What’s surprising, given these ongoing political and legal battles, is that fewer than half of Americans today view abortion as a “critical issue.” Just 36% of U.S. adults described the topic that way in a new survey on American politics from Public Religion Research Institute and the Brookings Institution.

The survey showed that abortion debates don’t loom nearly as large in Americans’ minds as issues like rising housing costs and crime.

“Among 20 political issues, Americans are most likely to rate increasing costs of housing and everyday expenses (62%) as a critical issue. About half also say crime (50%), health care (49%), human trafficking (48%), the health of democracy (47%), what children are learning in public schools (47%), and access to guns and gun safety (46%) are critical issues,” researchers reported.

Abortion fell in the bottom half of the list if you ranked the 20 items by share of U.S. adults who describe them as critical. Artificial intelligence (19%) and LGBTQ rights (14%) were the least likely to be seen as critical issues, the survey found.

Although only around one-third of Americans view abortion as a critical issue, the topic will play a notable role in the 2024 election, according to the survey, which showed that many voters have the topic on their minds as they assess political candidates.

“Approximately four in ten Americans (39%) say they will only vote for a candidate who shares their views on abortion. Slightly more Americans (42%) state that they will take a candidate’s position on abortion into consideration when voting.
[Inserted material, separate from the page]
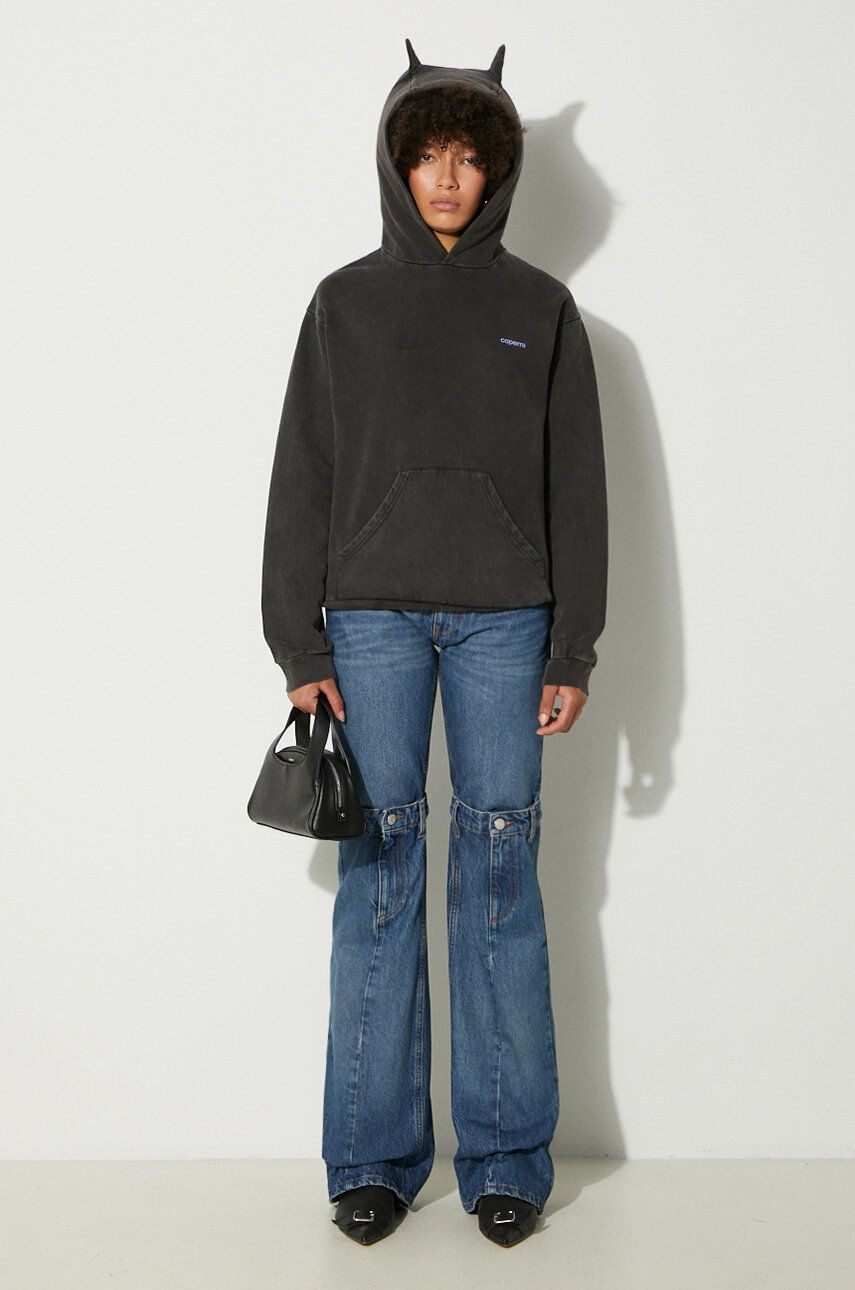 Pulover Coperni Washed Horn Hoodie Črna | COPJS15BIS523W, 1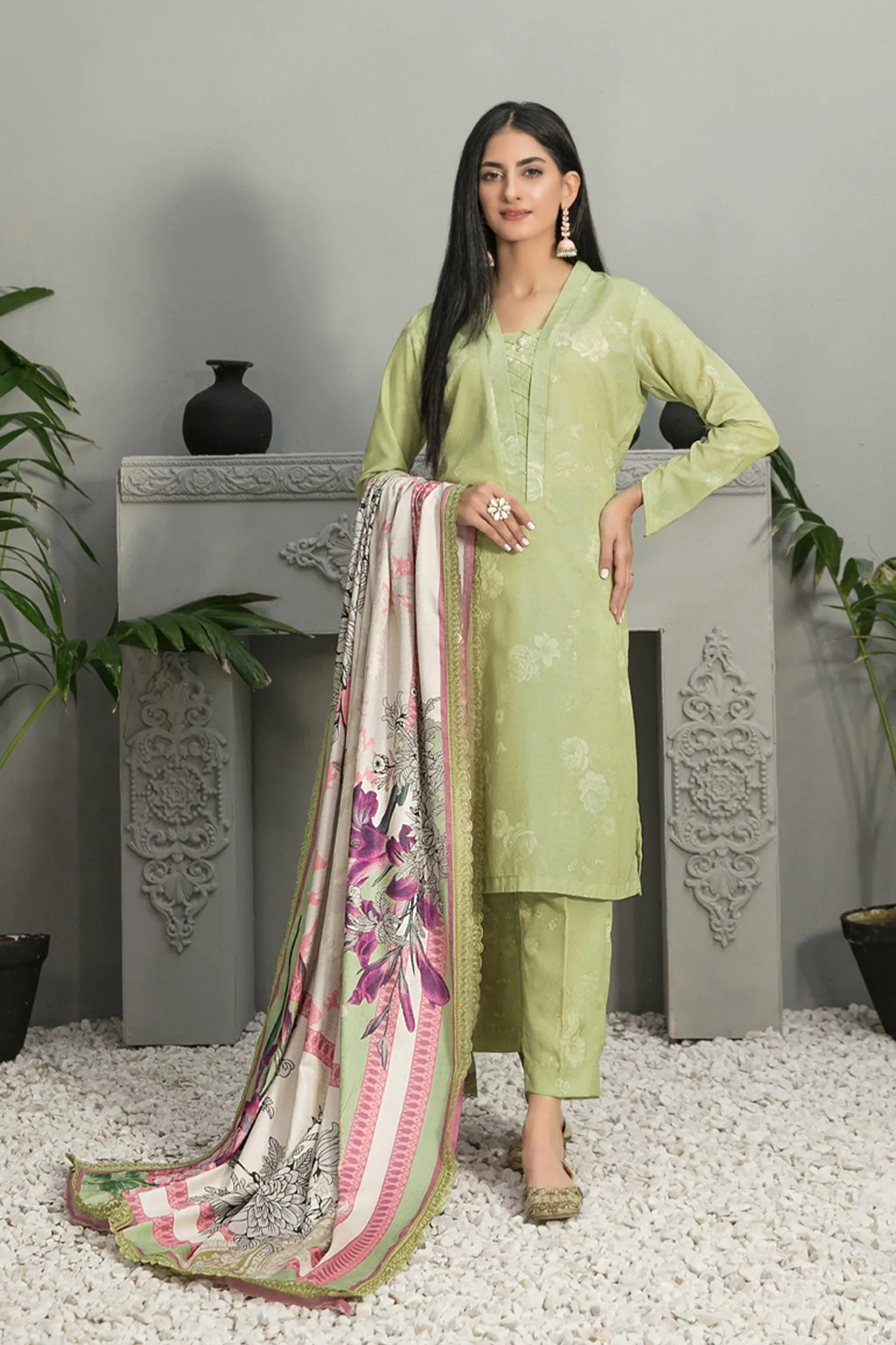 Golnar by Tawakkal Unstitched 3 Piece Digital Printed Handloom Collection'2022-GH-7898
Fewer than two in ten Americans (17%) say they do not see abortion as a major issue,” researchers wrote.

White evangelical Protestants are even more likely than the average American to tie their voting decisions to a candidate’s abortion views.

The survey showed that nearly half of members of this faith group (46%) said they would only vote for a candidate with the same views as them on abortion, compared to 36% of Hispanic Catholics, 33% of Black Protestants, 33% of white Catholics and 28% of white mainline Protestants.

The new survey report was based on responses from a representative sample of 2,525 U.S. adults. Responses were collected online from Aug. 25-30. The margin of error for the full sample is plus or minus 2.19 percentage points.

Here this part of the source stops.